### [WHAT YOU HAVE TO DO]
Could you print the lines below exactly, from the one holding "Yellow indestructible dog" through the last line, with no other output?

### [DATASET]
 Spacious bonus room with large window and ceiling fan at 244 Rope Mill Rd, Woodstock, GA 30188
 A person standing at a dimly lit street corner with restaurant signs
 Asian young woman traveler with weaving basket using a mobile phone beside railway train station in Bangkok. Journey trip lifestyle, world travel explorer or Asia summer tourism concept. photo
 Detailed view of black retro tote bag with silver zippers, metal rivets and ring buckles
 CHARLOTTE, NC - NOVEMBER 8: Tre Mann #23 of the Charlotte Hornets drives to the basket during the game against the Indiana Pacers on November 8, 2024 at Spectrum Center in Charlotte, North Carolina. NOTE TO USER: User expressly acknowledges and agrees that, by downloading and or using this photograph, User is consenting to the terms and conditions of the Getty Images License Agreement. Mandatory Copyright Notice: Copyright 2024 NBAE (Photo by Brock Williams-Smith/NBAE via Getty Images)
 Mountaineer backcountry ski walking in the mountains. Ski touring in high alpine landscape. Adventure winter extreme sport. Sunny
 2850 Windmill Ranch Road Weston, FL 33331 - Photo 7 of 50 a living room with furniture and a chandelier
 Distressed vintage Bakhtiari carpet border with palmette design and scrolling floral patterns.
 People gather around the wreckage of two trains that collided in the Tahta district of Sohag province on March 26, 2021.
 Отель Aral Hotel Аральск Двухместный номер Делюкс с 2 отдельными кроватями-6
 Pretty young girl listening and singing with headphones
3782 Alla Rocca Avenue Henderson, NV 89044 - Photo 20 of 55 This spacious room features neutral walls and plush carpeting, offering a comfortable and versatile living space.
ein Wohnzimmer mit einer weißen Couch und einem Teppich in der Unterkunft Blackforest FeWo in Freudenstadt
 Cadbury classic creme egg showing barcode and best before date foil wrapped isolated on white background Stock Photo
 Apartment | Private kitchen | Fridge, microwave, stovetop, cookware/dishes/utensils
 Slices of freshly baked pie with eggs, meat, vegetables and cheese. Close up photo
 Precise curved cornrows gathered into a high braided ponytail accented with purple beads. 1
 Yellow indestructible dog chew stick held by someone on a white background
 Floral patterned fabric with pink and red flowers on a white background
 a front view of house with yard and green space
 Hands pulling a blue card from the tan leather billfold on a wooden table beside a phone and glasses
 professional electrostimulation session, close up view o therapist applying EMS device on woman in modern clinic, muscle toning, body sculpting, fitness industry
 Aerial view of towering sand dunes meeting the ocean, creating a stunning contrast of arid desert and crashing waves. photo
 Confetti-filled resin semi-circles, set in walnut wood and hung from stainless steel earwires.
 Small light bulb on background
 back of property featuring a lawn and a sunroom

### [RESULT OF THE TASK]
 Yellow indestructible dog chew stick held by someone on a white background
 Floral patterned fabric with pink and red flowers on a white background
 a front view of house with yard and green space
 Hands pulling a blue card from the tan leather billfold on a wooden table beside a phone and glasses
 professional electrostimulation session, close up view o therapist applying EMS device on woman in modern clinic, muscle toning, body sculpting, fitness industry
 Aerial view of towering sand dunes meeting the ocean, creating a stunning contrast of arid desert and crashing waves. photo
 Confetti-filled resin semi-circles, set in walnut wood and hung from stainless steel earwires.
 Small light bulb on background
 back of property featuring a lawn and a sunroom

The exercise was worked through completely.